SRAGEN, JOGLOSEMARNEWS.COM – Merebaknya virus corona yang merambah Indonesia dan temuan pasien positif, berimbas membuat warga cemas dan beramai-ramai memburu masker.
Kecemasan warga kian bertambah lantaran hampir sebagian besar apotek penyedia masker di wilayah Sragen mengalami kekosongan stok. Mahalnya harga yang meroket sampai 10 kali lipat, membuat apotek memilih tak menjual.

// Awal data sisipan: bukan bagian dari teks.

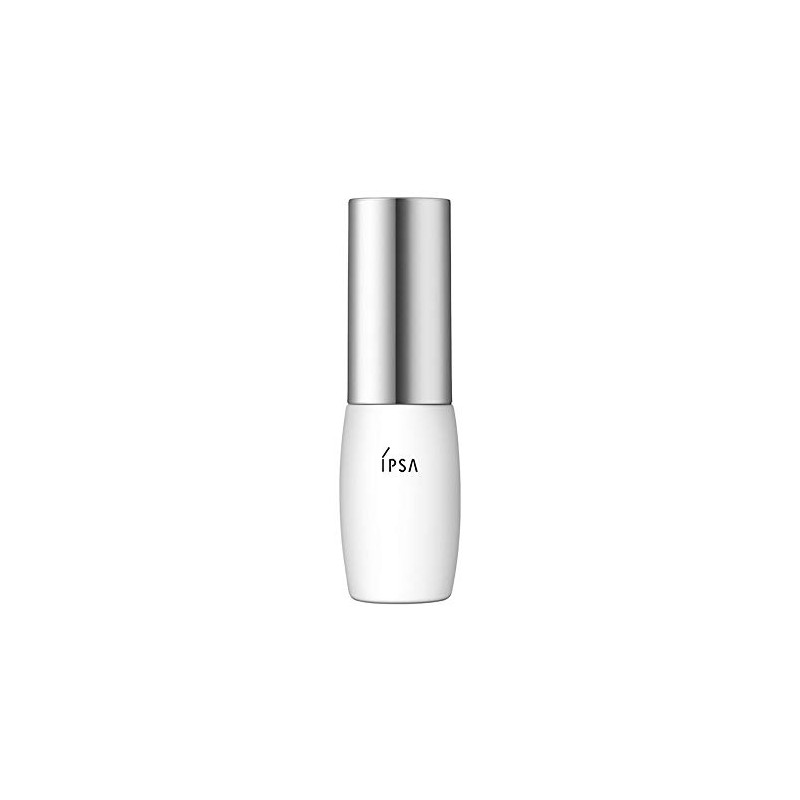 IPSA IPSA Protector Daytime Shield EX 1.0 fl oz (30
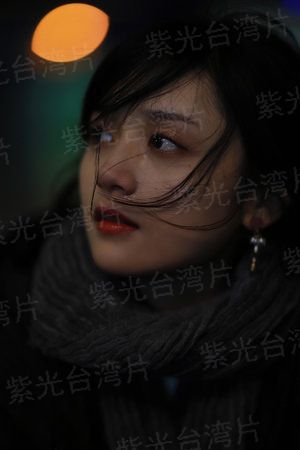 穿越网游之归途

Kepanikan dampak corona virus itu juga menyisakan cerita memilukan. Seorang ibu asal Sragen, dilaporkan bahkan sampai menangis gara-gara kebingungan tak bisa mendapat masker.
Padahal, ia sangat membutuhkan masker untuk adiknya yang akan berangkat ke Taiwan atau Chinese Taipei. Kisah ibu-ibu yang menangis iba itu diungkap oleh pengelola Apotek Surya Husada Sragen, Widuri, Rabu (4/3/2020).
“Tadi ada ibu-ibu datang sampai nangis-nangis karena mau beli masker nggak dapat-dapat. Ada adiknya yang akan berangkat ke Taiwan dan belum dapat masker. Namanya Bu Heni. Dia nangis-nangis di sini, minta tolong karena takut kabar corona kalau adiknya berangkat nggak pakai Masker ke Taiwan. Saya sampai kasihan dan nggak tega melihatnya Mas,” papar Widuri kepada JOGLOSEMARNEWS.COM .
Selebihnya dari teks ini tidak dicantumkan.